By Matthew Pascall, Legal Director – Head of Commercial
(Estimated reading time: 8 minutes 8 seconds)
Temple is currently insuring claims brought by businesses who have relied on brokers to arrange energy contracts but who knew little or nothing about the commission paid by energy suppliers to the brokers. Read on for what we’ve found out.
It’s fair to assume that most business energy brokers spend time and effort trying to secure energy at competitive prices for their clients. They are unlikely to provide their services for free. They are also unlikely to invoice energy buyers for their services.
Buyers will often give little or no thought as to how the broker is paid. Some will assume that the supplier pays. All the buyer wants is energy at the best possible price and if that is what they think they are getting, what is there to complain about?
It is now clear that, until recently, much of the commission that found its way to brokers was paid by the consumer through the price they paid for the energy they consumed. In other words, the cost to the supplier of paying the broker’s commission was simply passed back to the consumer, at times significantly increasing the cost of the energy to the buyer.
In a situation such as this, does the buyer have a remedy and, if so, what?

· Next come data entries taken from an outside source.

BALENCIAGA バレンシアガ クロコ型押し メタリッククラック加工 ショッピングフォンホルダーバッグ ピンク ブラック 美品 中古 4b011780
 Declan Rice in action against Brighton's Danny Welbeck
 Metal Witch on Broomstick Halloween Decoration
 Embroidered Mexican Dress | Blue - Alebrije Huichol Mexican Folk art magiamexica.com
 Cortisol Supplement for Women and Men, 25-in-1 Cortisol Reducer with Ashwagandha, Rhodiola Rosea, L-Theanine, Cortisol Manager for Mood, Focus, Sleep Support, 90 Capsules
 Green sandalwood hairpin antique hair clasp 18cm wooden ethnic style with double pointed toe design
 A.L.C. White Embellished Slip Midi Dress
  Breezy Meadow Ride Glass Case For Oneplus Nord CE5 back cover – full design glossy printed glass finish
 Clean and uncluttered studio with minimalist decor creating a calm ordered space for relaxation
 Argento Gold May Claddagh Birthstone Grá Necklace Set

There are four important Court of Appeal cases to which reference should always be made:
- Hurstanger Ltd v Wilson [2007] EWCA Civ 299
- McWilliam v Norton Finance (UK) Ltd (in liquidation) [2015] EWCA Civ 186
- Medsted Associates td v Canaccord Genuity Wealth (International) Ltd [2019] EWCA Civ 83
- Wood v Commercial First Business Ltd [2021] EWCA Civ 471
The courts generally approach these cases by considering the following.
1. What was the relationship between the buyer and their broker? What did any written terms and conditions say and what happened in practice? Did the buyer place its trust and confidence in the broker and give the broker authority to enter into energy supply contracts on the buyer’s behalf? Was the net effect of the arrangement to make the broker the buyer’s agent?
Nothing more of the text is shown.